Everyone in the UX field has heard the same complaint day in and day out from critics: Your sample sizes are too small, therefore your findings are meaningless in the grand scheme of things. Now, coming from a human factors background, I had the same gripe. (That, and the fact that aspects of tests would seemingly change with every few participants based on trends or clients’ whims. But time and experience has shown me that those things are not big deals.)

From my perspective, depending upon the goals of a study the lack of statistical significance criticism is very valid. For instance, you should consider using larger sample sizes if you’re conducting any sort of research whose goals include assessing attitude toward the product. You also want to use larger sample sizes in summative testing situations, where you are assessing overall system usability based upon a set of multiple metrics collected during test sessions.

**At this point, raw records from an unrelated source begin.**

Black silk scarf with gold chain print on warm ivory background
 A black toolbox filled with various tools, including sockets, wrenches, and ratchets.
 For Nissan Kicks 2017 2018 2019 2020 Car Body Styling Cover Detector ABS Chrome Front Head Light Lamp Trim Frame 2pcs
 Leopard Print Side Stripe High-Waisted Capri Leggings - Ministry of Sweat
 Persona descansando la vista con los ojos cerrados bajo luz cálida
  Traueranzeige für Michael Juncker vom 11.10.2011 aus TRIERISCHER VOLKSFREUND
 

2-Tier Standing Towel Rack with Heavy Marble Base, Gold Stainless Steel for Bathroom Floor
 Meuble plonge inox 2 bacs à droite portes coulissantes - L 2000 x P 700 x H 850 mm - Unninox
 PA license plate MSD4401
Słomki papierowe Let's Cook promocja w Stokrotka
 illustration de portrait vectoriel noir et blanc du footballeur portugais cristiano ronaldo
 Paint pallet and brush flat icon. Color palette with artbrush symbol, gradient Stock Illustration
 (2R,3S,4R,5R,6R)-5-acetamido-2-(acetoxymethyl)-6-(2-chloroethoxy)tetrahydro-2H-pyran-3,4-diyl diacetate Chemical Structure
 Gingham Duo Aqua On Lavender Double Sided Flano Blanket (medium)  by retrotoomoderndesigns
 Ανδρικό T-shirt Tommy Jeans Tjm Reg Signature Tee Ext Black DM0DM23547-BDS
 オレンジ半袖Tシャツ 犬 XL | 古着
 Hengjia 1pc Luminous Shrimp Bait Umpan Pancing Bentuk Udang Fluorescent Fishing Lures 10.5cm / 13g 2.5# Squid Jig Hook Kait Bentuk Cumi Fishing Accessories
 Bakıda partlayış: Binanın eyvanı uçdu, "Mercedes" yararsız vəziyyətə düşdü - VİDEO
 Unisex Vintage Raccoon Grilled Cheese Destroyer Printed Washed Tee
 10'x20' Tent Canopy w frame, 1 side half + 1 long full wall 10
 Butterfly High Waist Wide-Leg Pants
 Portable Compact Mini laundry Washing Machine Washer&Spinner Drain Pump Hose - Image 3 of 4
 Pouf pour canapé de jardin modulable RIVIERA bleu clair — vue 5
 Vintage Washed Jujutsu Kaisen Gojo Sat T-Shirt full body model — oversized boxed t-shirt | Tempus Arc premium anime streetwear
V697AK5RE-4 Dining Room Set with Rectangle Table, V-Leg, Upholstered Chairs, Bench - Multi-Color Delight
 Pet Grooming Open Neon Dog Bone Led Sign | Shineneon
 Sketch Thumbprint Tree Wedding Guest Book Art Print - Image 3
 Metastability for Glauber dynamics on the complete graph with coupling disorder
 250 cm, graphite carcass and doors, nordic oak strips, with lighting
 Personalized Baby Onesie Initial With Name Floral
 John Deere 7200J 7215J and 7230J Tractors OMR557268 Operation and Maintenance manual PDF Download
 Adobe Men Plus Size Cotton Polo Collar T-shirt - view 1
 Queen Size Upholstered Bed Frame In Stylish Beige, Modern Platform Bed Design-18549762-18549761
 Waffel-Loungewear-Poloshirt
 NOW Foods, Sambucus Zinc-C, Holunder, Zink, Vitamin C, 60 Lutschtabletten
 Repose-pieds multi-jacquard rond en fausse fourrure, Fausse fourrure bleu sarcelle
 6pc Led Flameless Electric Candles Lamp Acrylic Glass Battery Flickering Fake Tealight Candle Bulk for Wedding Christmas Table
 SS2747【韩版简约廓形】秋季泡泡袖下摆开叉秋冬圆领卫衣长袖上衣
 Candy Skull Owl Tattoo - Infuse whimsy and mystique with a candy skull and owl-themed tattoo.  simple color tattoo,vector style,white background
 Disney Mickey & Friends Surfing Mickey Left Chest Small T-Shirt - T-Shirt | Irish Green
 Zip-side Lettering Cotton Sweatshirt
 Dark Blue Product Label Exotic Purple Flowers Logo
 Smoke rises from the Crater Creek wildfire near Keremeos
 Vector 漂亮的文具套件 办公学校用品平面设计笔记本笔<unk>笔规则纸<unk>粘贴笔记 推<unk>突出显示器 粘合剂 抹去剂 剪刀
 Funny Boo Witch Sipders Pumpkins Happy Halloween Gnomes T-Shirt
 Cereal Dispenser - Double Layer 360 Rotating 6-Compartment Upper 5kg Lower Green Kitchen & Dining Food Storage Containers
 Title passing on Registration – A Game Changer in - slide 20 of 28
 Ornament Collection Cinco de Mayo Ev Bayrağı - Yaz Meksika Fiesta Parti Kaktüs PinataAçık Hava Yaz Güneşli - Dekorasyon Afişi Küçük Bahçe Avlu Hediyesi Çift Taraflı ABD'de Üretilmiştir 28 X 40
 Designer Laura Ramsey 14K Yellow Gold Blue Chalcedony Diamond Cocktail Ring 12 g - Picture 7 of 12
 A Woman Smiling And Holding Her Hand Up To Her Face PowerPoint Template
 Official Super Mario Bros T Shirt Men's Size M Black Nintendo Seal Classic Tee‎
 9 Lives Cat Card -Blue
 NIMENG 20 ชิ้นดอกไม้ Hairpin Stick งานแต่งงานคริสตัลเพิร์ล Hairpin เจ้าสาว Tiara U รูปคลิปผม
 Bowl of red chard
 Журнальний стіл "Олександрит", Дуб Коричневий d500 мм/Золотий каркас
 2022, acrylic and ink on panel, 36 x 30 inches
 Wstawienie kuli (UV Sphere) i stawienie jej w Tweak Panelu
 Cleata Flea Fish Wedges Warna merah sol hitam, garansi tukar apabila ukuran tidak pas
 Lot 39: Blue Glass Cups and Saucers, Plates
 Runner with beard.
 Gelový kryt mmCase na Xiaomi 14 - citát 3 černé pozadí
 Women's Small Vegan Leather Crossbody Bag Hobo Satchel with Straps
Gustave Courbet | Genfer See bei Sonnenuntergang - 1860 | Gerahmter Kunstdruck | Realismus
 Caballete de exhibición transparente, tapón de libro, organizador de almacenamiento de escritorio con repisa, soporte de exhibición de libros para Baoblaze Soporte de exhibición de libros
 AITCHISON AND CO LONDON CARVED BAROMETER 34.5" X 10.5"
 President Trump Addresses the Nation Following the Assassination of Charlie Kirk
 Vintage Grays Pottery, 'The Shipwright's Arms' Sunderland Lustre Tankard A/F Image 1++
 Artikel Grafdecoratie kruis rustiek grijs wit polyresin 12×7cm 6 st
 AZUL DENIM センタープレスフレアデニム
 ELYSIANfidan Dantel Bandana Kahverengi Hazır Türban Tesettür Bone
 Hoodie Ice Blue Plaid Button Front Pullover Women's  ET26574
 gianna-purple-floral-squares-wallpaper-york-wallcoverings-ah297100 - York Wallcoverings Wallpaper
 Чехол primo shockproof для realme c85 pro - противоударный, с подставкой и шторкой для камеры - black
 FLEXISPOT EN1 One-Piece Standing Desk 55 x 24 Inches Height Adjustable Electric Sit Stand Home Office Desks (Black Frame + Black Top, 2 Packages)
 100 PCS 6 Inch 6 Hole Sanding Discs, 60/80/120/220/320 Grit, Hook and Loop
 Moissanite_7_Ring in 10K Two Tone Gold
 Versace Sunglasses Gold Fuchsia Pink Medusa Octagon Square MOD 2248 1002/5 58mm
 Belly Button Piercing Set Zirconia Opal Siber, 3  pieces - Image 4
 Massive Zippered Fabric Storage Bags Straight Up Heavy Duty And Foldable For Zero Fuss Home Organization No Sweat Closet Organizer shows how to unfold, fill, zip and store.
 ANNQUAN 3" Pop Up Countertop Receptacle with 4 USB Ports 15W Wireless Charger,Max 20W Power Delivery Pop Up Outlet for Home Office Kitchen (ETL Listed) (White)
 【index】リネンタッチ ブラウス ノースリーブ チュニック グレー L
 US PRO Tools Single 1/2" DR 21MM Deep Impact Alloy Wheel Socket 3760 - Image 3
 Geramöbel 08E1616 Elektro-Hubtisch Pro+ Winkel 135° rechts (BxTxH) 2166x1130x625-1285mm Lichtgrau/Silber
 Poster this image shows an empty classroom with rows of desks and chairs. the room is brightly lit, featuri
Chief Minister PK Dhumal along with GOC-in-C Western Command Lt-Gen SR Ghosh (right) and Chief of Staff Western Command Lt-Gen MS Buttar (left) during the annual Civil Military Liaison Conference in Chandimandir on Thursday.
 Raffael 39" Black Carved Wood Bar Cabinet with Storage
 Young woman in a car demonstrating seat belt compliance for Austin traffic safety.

So, then, what of formative testing situations and other situations where researchers are restricted to small sample sizes? Well, all is not lost in this case. Let’s consider some typical metrics first. Time on task, task completion rates, task error counts, and task satisfaction are some of the major metrics used to assess usability. I will put these forward one-by-one for examination.

Time on Task

Time on task is one of those measures that many folks are in love with. Now, in formative studies where people commonly follow think aloud protocols I do not advocate taking time on task. Arguments exist saying it can slow people down as well as speed them up because it forces beneficial cognitive processing that propels users along successfully. Regardless of which side you fall on, I’m going to say that it doesn’t represent actual use since most people don’t use a website or an iPad while talking themselves through the process. However, this once again begs the question of, what’s the purpose of your test? For studies whose purpose is to explore and understand user reactions (which is commonly the case in formative studies), it is probably best to leave time on task out unless you are comfortable with retrospective probing. But if you intend to gain some sort of benchmark from a small sample size, then by all means, measure time on task as there are statistical methods that will lend credit to your findings.

How to analyze this data when it comes with a small sample size

Student’s t-test. This particular statistical test is meant to test the hypothesis when the sample size is small and the population variance is unknown. Along with this, consider calculating the confidence interval, which is the product of the critical t-value and the standard error.

Task Completion Rates

This is one of those metrics that needs to be strictly defined before starting a study. Defining what constitutes a success and what constitutes a failure is important because a lack of understanding could lead to unintentional misclassification. That being said, this is a pretty straightforward metric, it is the number of successful task completions divided by the total number of users who attempted the task. The actual data points, however, are discrete binary data. So, someone either completes or does not complete a task. And once again, if you are collecting this information in a study, you should provide confidence intervals. However, calculating confidence intervals on task completion data is different than calculating it for time on task data given the nature of the individual data points.

How to calculate confidence intervals for discrete binary data

Modified Wald Interval. The Modified Wald Interval will produce an interval that will contain the observed proportion about 95 percent of the time on average.

What if everyone passed? What if everyone failed?

Well, we all know that unless your client has created the most awesome (or horrifying) product known to man, this is probably just a result of the sample size being so small. So, use the LaPlace method to obtain a point estimate. The reason this is a good method is because it is closely tied to the sample size you’re using. It is calculated by adding 1 to the number of observed success, and then dividing by the number of task attempts plus 2. So: (x+1)/(n+2).

Task Error Counts

Task error counts are extremely straightforward as long as what is an error is clearly defined at the outset of the study. You simply count how many times users make a mistake while trying to complete a task. Thankfully it is continuous data, so analysis is pretty normal: t task and confidence intervals.

Task Satisfaction

These are subjective data points taken on a point scale (usually 1 through 5), and the scale is assumed to have equal magnitude and be continuous. In truth, we cannot say that this data has equal magnitude between different points on a scale since the difference between a 4 and a 5 can be different between users. And my own personal preference for reporting statistics with this data is as follows:

For 5 or less users: List the range of scores.

For 7 to 15 users: Report the median.

For 15+ users: I still prefer the median because it does not produce decimal values very often, and typically you are not allowing users to give decimal ratings on a scale. However, it is safe to consider using the mean at this point. Just be aware that you will likely obtain a decimal value for the mean, which is not a true representation of the scale.